Gotta say though it clearly shows that Ross's FWK's are certainly worth the purchase price. but making one of these makes you a fermenter not a brewer..

Nothing personal Ross, if the rules allow you to enter good on ya', but maybe they need to be looked at for the sake of parity.


----------



## bconnery (19/9/11)

yum beer said:


> but its seems to me that if Ross is the one making the FWK(commercially) and selling them commercially then he ISNT an amateur brewer...simple.


But the rules don't prevent professional brewers from entering. And in my opinion nor should they. 

Ross, and I can think of at least one other on here who also fits this description, is an excellent homebrewer, who happens to work at/run a brewery. 
They should not in anyway be prevented from entering in my opinion. It's a question of how they make the beer in my book, not what they happen to do for a living...


----------



## argon (19/9/11)

I fully support Ross' entries of FWKs into the QABC. 


Have a real think about it in context of his position in regards to AABC. Carpet bombing for the right reasons - proactive change.


I was initially taken aback by the Ross' results in the QABC and somewhat felt that it wasn't the right thing to do, regardless of his position for not supporting the entry of FWKs in competition. I thought it may have unfairly impacted on the other entrants.

However, upon reflection and having a better handle on Ross' position in regards to the AABC committee, it feels as if this is the only way the discussion is going to take place amongst the brewing community. 22 entries is clearly carpet-bombing and in my opinion, it's clear to see that a statement is being made. Especially considering that for anyone who has actually seen the Bachus Brewery in action producing wort, could hardly attribute Ross with anything more than supervision.  

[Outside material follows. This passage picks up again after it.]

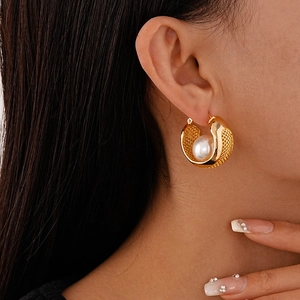 Detail of gold hollow mesh hoop earring with a large pearl inlay on model ear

So my position is that i support what Ross has done (on purpose or not, i'm not sure <_< ). The issue has certainly been highlighted and it's good to see that robust debate coming forth.

Edit: added stuff


----------



## AndrewQLD (19/9/11)

Congrats to all the winners, and I do mean ALL, obviously well deserved . And I think it's a travesty that Ross feels he has to surrender his placings, he entered within the rules and fully deserves his place as Champion Brewer, I take my hat off to you Ross, your a true gentleman.

Andrew


----------



## spaced (19/9/11)

AndrewQLD said:


> Congrats to all the winners, and I do mean ALL, obviously well deserved . And I think it's a travesty that Ross feels he has to surrender his placings, he entered within the rules and fully deserves his place as Champion Brewer, I take my hat off to you Ross, your a true gentleman.
> 
> Andrew




#This

It's within the rules, he won fair and square. Take up the issue with the rule, not with the brewer.


----------



## yum beer (19/9/11)

bconnery said:


> But the rules don't prevent professional brewers from entering. And in my opinion nor should they.

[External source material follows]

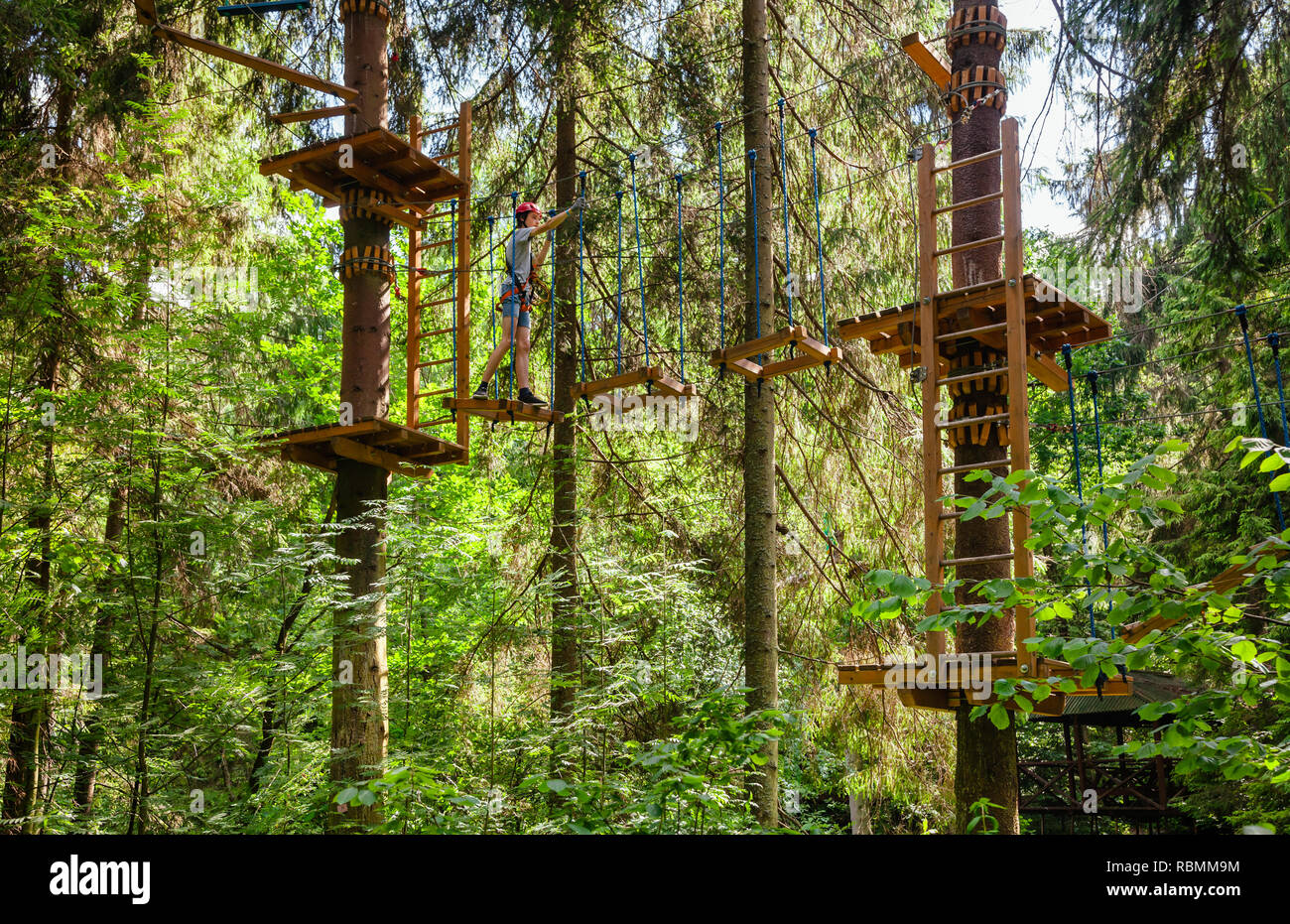 Teenager boy wearing safety harness passing rope bridge obstacle at a ropes course in outdoor treetop adventure park Stock Photo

so your happy for Little Creatures, Murrays, Four Pines, I could go on...to enter 'amatuer' brew comps.

There are comps for commercial beer....lets keep them there.


----------



## bonj (19/9/11)

spaced said:


> #This
> 
> It's within the rules, he won fair and square. Take up the issue with the rule, not with the brewer.


The specific issue that I raised was that as the proprietor of the commercial brewery that produced the kits, it is not amateur brewing. The issue is with the application of the rules, or the interpretation of the rules, not with Ross himself.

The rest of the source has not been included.